Albert King: Funky London

ALBERT KING: FUNKY LONDON (1972-1974?; 1994)

1) Cold Sweat; 2) Can't You See What You're Doing To Me; 3) Funky London; 4) Lonesome; 5) Bad Luck; 6) Sweet Fingers; 7) Finger On The Trigger; 8) Driving Wheel; 9) Lovingest Woman In Town..

A bunch of outtakes from some of King's Stax sessions from the early Seventies (possibly earlier as well, I'm not informed of the recording dates). The review will be brief: there is only one track here that guarantees the purchase, which is the instrumental cover of James Brown's 'Cold Sweat' — King's worship of Brown could be out of place when he tried to imitate Brown's audience teasing manners on stage, but it worked all right when he simply did funky James Brown num­bers with his faithful rhythm section, embellishing them with his blues licks. This here 'Cold Sweat' chugs along almost as fine as the original, and will also please those who dislike Brown's neglect for melody, because that's exactly what King's guitar adds to the proceedings.

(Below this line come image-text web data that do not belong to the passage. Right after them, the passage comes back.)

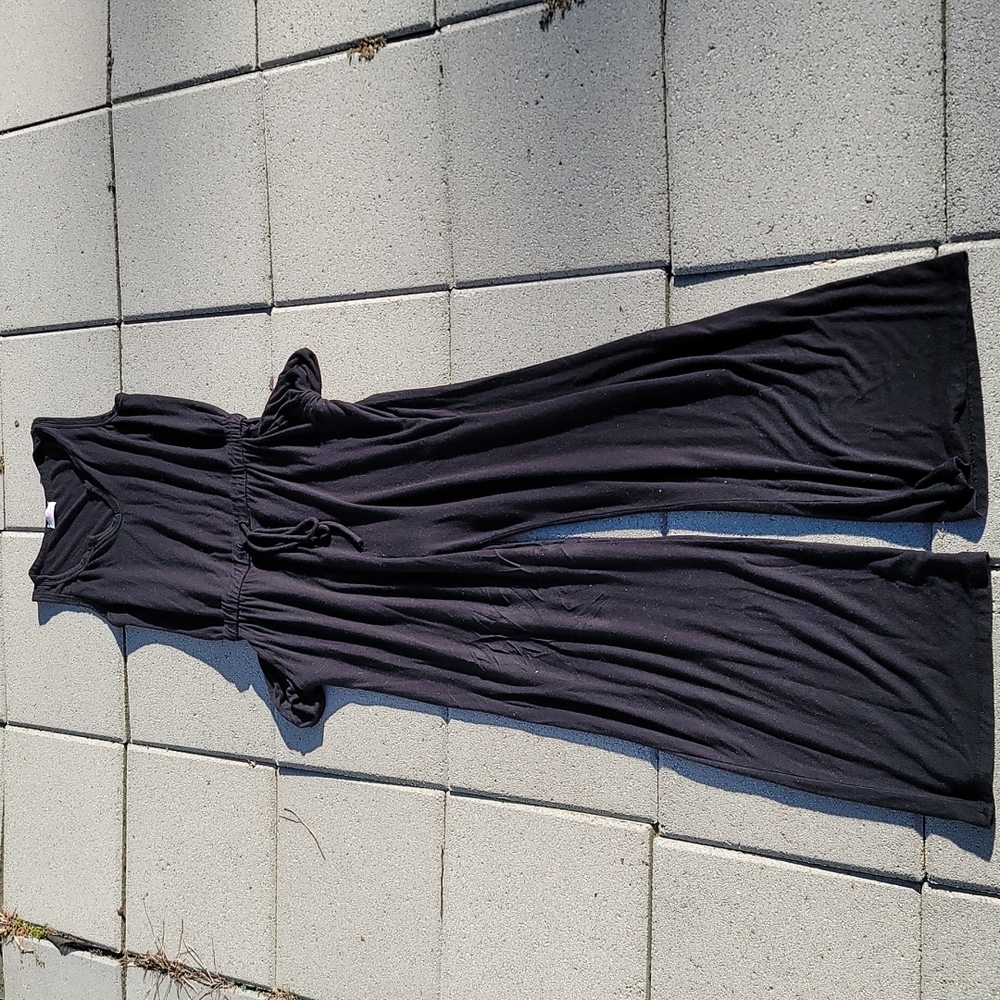 The Pulse Boutique Black jumpsuit size small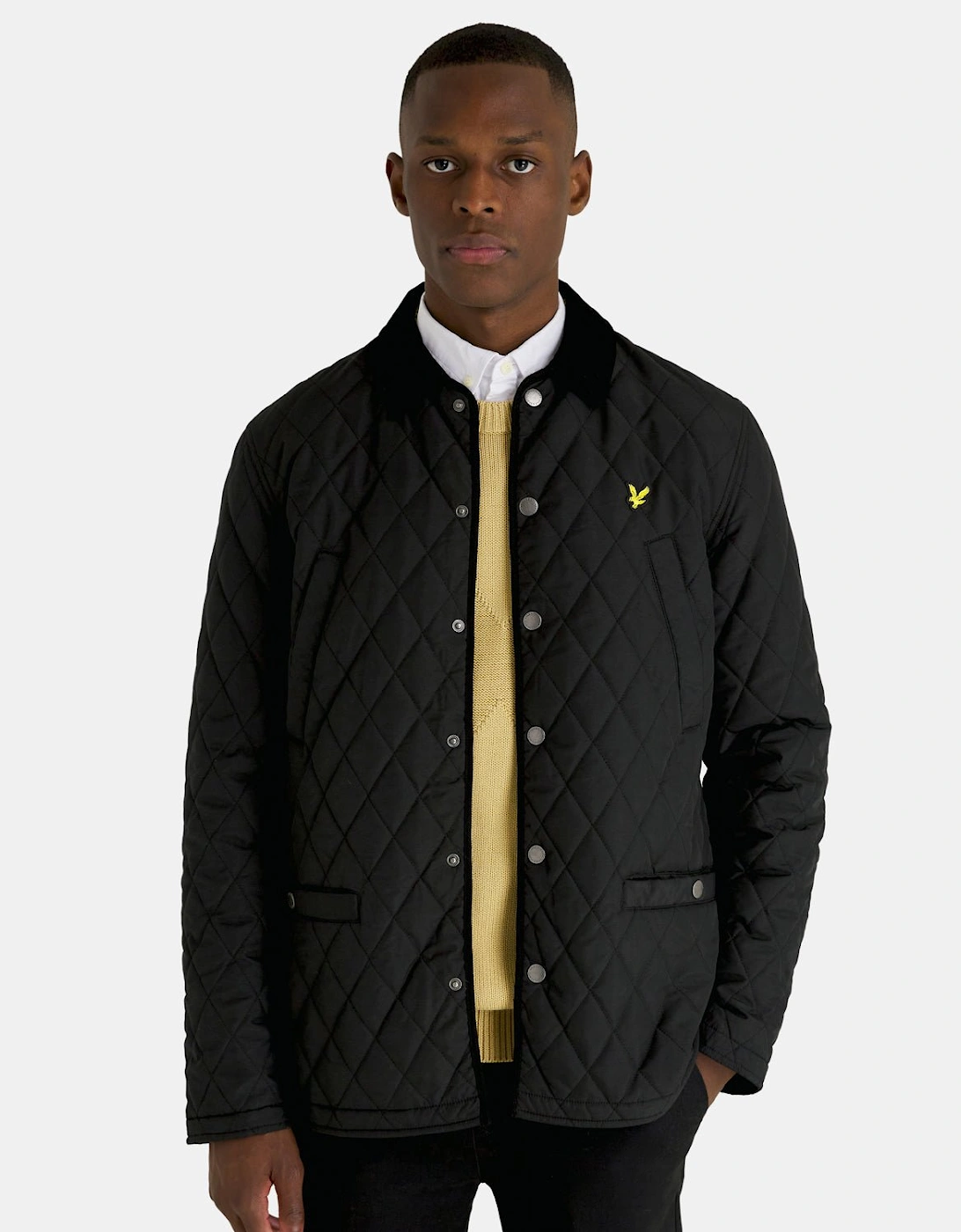 Quilted Jacket, 5 of 4
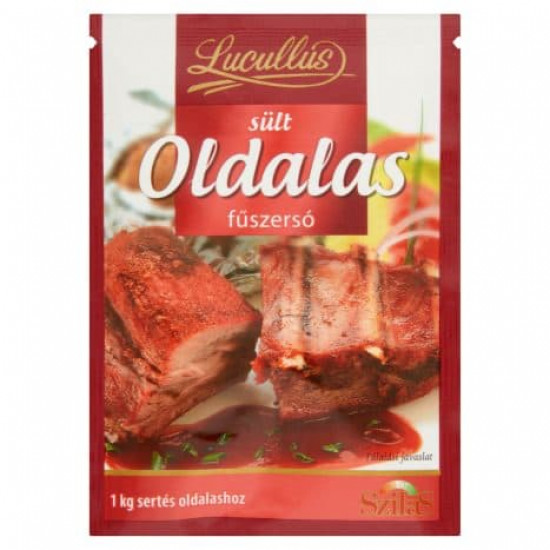 LUCULLUS FŰSZERSÓ SÜLT OLDALAS 50G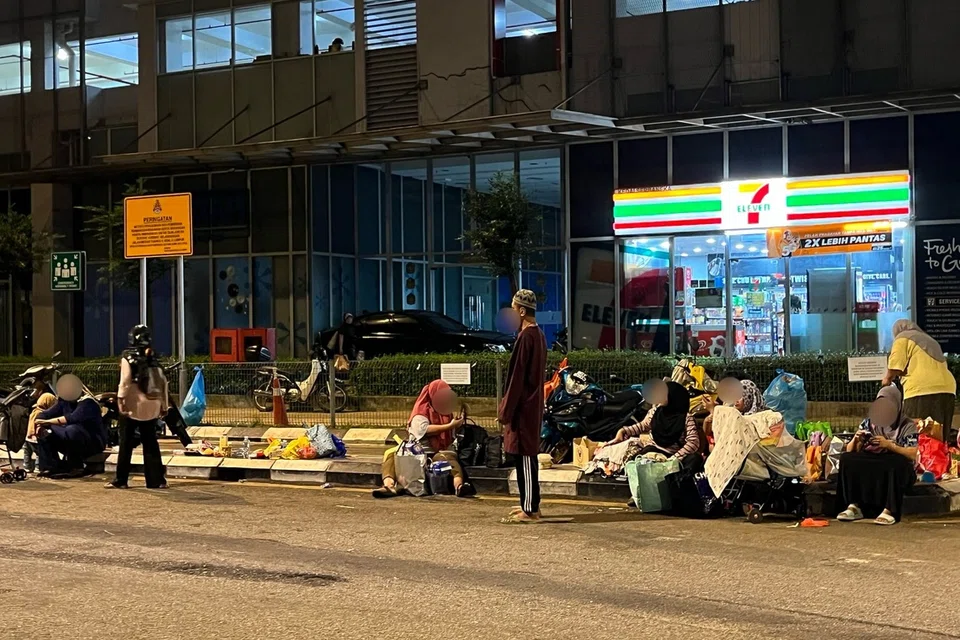 gelandangan, Malaysia, lawat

Everything else is stuff we have heard a million times in better or equal quality. Most of it is by the numbers blues that, to me, gives the impression of rehearsal material, performed in warm-up pur­poses before the recording of King's truly serious contributions to his official albums. It's all tight and solid, but strictly sparkless. The title track, another funky instrumental, stands out a little sim­ply by being funkier than the rest, but 'Cold Sweat' displays more energy and enthusiasm.

I have this on a CD that's paired with the earlier semi-official Live At Wattstax album, recorded at about the same time as Blues At Sunrise, and in terms of basic passion, it is much better, ex­cept all of its songs ('Killing Floor', 'I'll Play The Blues For You', etc.) have already been played live with the same fire on other releases. Bottomline: all of this is heavily expendable, although not for the dedicated fan.